### TO DO:
Starting with the line that contains "Ladies' Rose Short Pyjamas", repeat exactly every line through the last one in the records below, and leave out the pictures.
--- MATERIAL FOR THIS EXERCISE ---
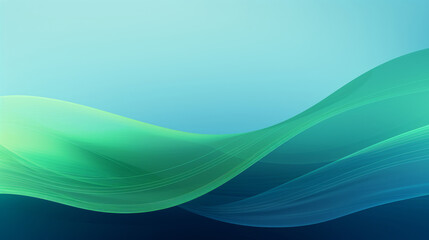 Background With Soft Blue Green Waves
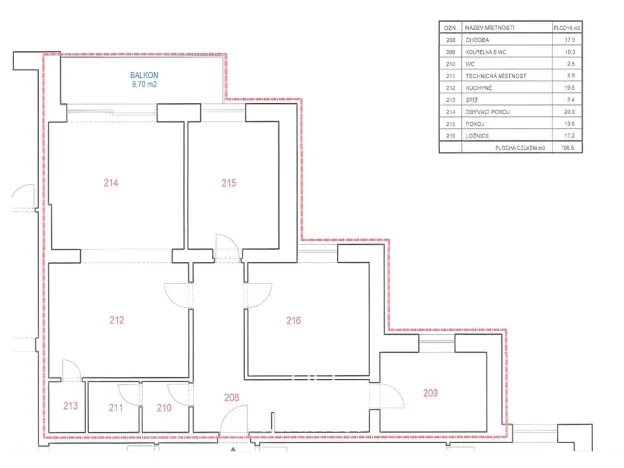 Pronájem bytu 3+kk, Praha - Kamýk, Ke Kamýku, 107 m2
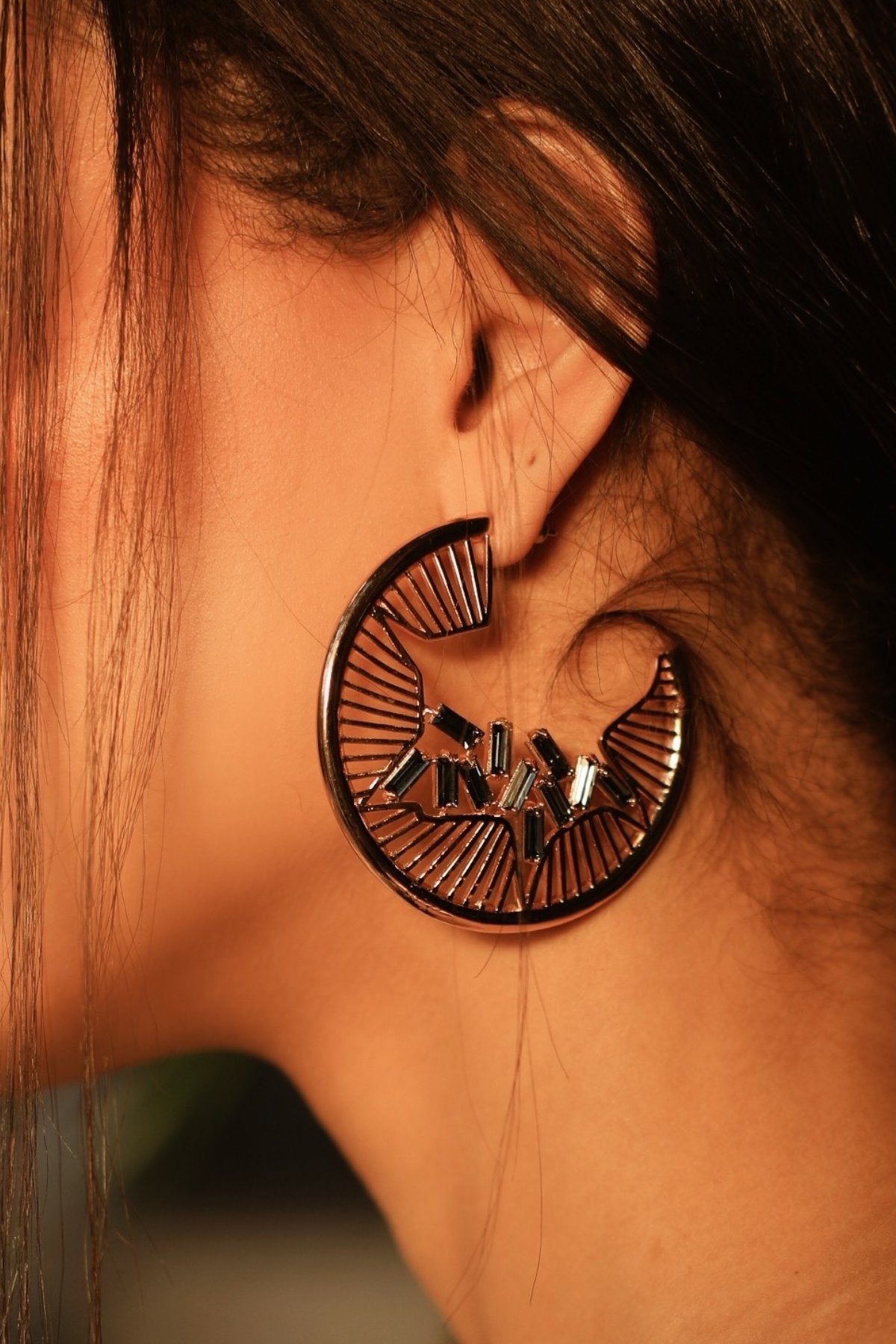 Buy Swarovski Round Hoops For Women Online at ScrollnShops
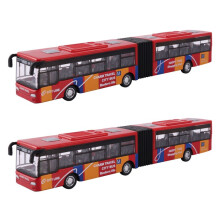 2X Children's Diecast Model Vehicle Shuttle Bus Car Toys Small Baby Pull Back Toys Red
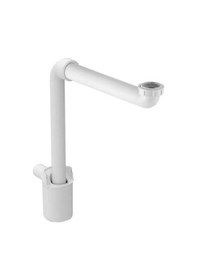 Resim Geberit 151.116.11.1 Lavabo Sifonu Yer Tasarrufu 1/4 D32 Beyaz 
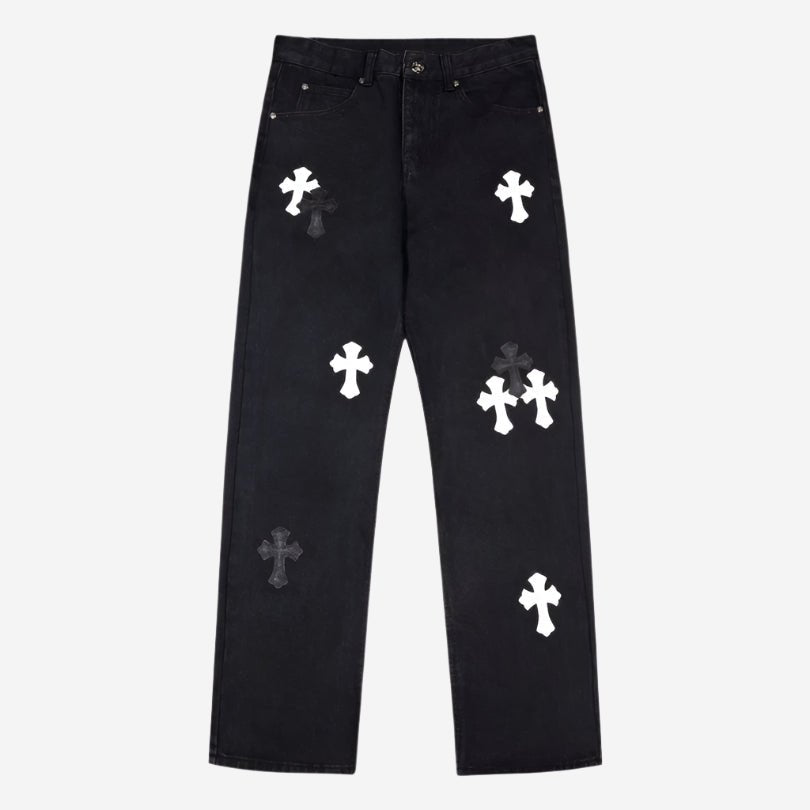Jeans Chrome Hearts - FetchStyles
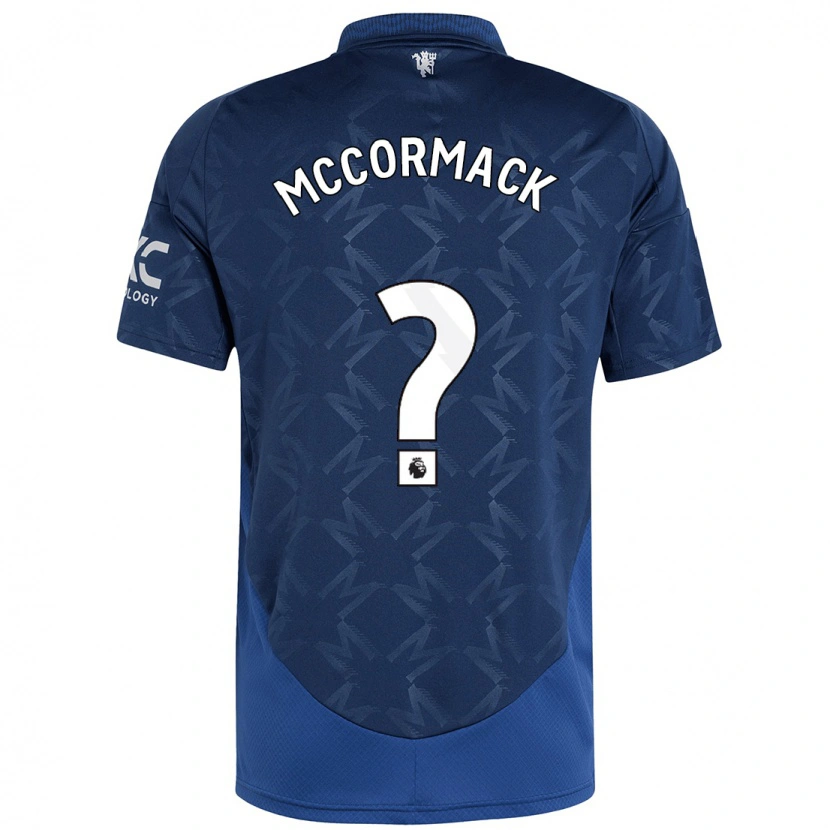 Danxen Niño Camiseta Rafe Mccormack #0 Índigo 2ª Equipación 2024/25 La Camisa México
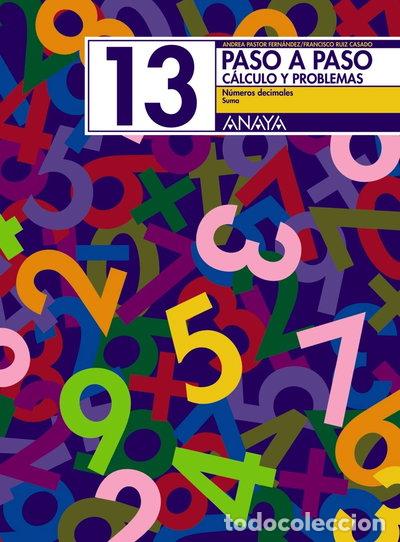 Libros: 13. N&uacute;meros decimales. Suma- 9788466713481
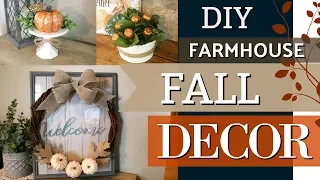 DIY Farmhouse Fall Decor | Dollar Tree DIY Fall Ideas 2018 | Krafts by Katelyn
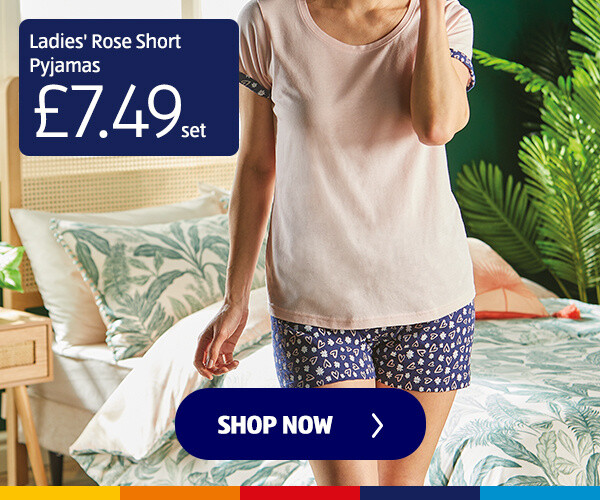 Ladies' Rose Short Pyjamas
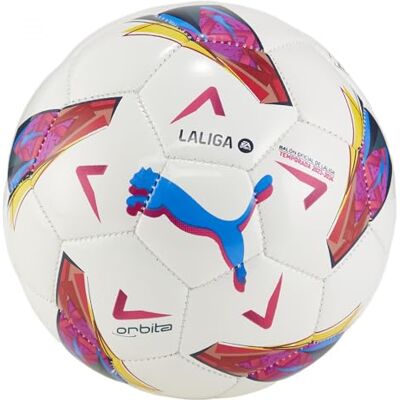 PUMA Orbita LaLiga 1 MS Mini ballon de football Blanc PUMA Orbita LaLiga 1 MS Mini ballon de football Blanc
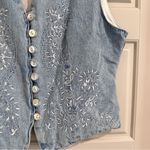Rafaella  Vintage Denim Embroidered Vest Size Large Photo 3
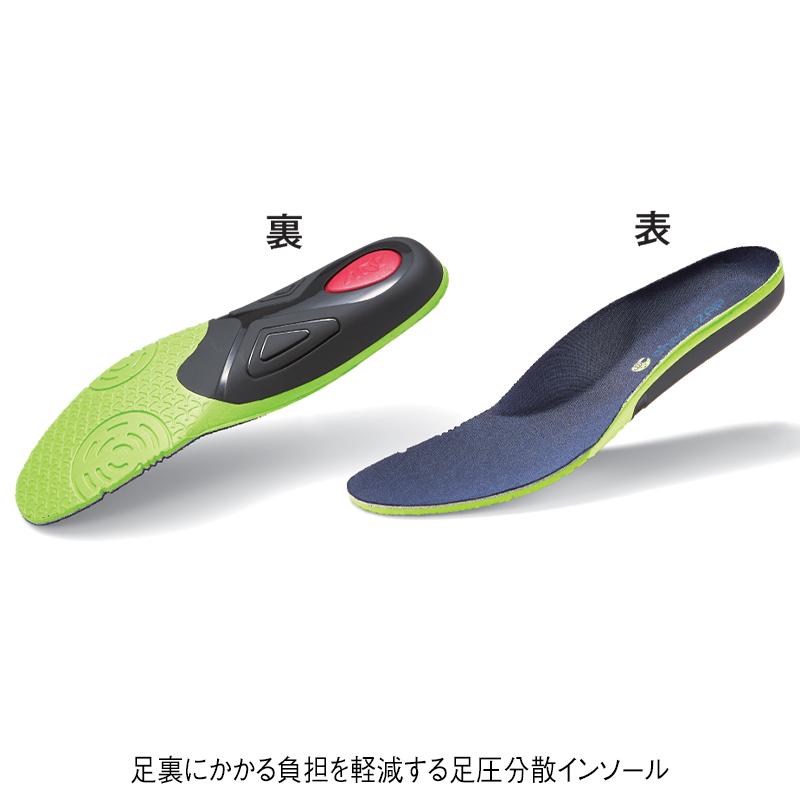 <チョコザップ>手を使わず履けるメッシュ軽量ゴムひもスニーカー(足圧分散中敷付き)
---
### YOUR RESPONSE:
 Ladies' Rose Short Pyjamas
 PUMA Orbita LaLiga 1 MS Mini ballon de football Blanc PUMA Orbita LaLiga 1 MS Mini ballon de football Blanc
Rafaella  Vintage Denim Embroidered Vest Size Large Photo 3
 <チョコザップ>手を使わず履けるメッシュ軽量ゴムひもスニーカー(足圧分散中敷付き)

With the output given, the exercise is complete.